Recorded data:

•••

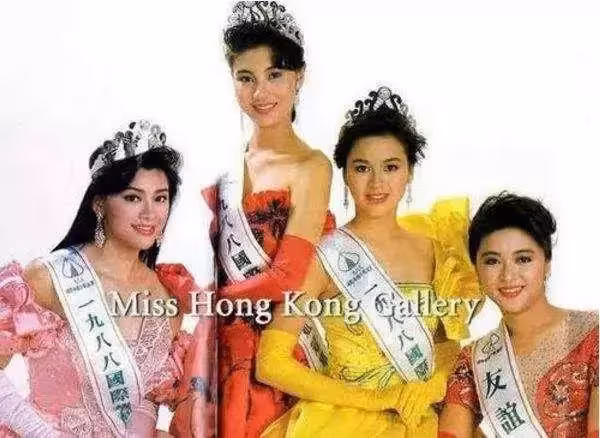 豪門出身卻甘當艷星!21歲秘婚生子「二婚再嫁80億富豪」,今51歲「美艷依舊」與兒子同框似姐弟!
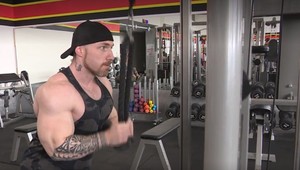 Osobný tréner radí, ako sa vyrysovať do plaviek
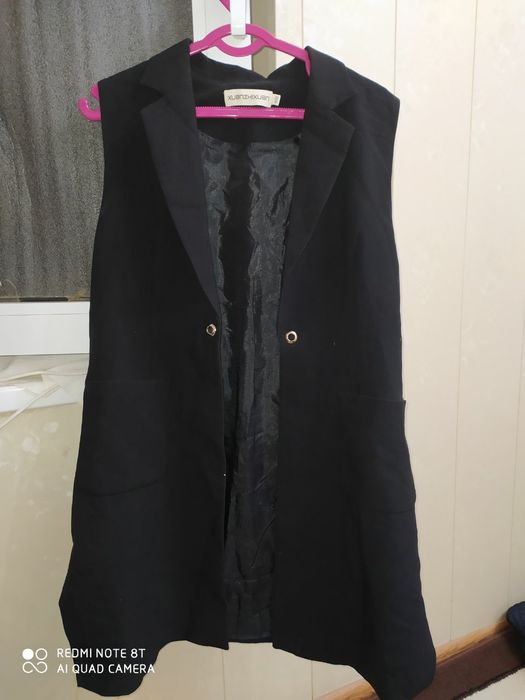 Barcha turdagi ayolar va qizlar  kiyimlari sotiladi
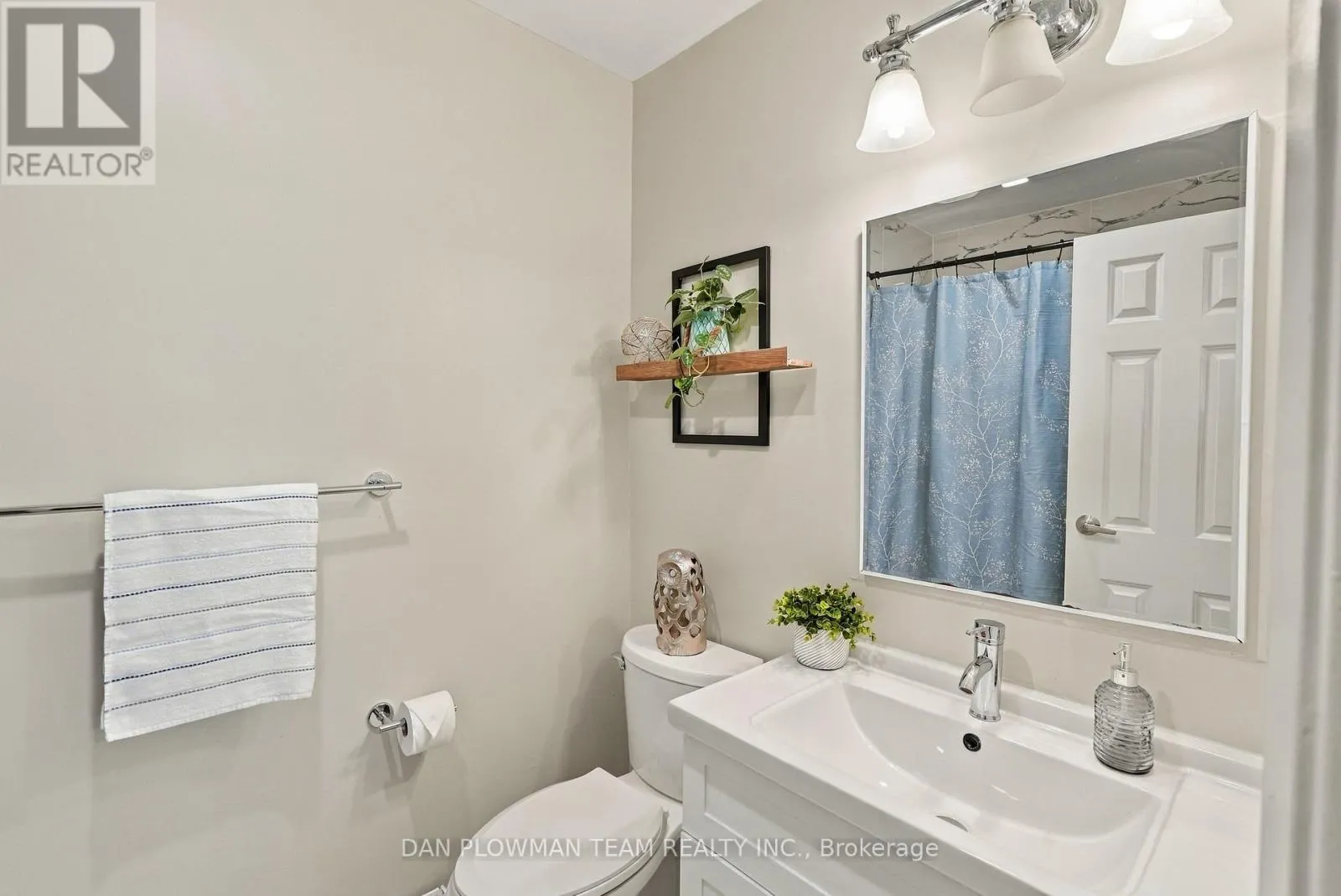 228 MEDINA COURT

•••

What you have to do: What is needed is a verbatim copy of the lines from the line with "Osobný tréner radí, ako" through the last line of the listing, pictures excluded.

Task solution:
 Osobný tréner radí, ako sa vyrysovať do plaviek
 Barcha turdagi ayolar va qizlar  kiyimlari sotiladi
 228 MEDINA COURT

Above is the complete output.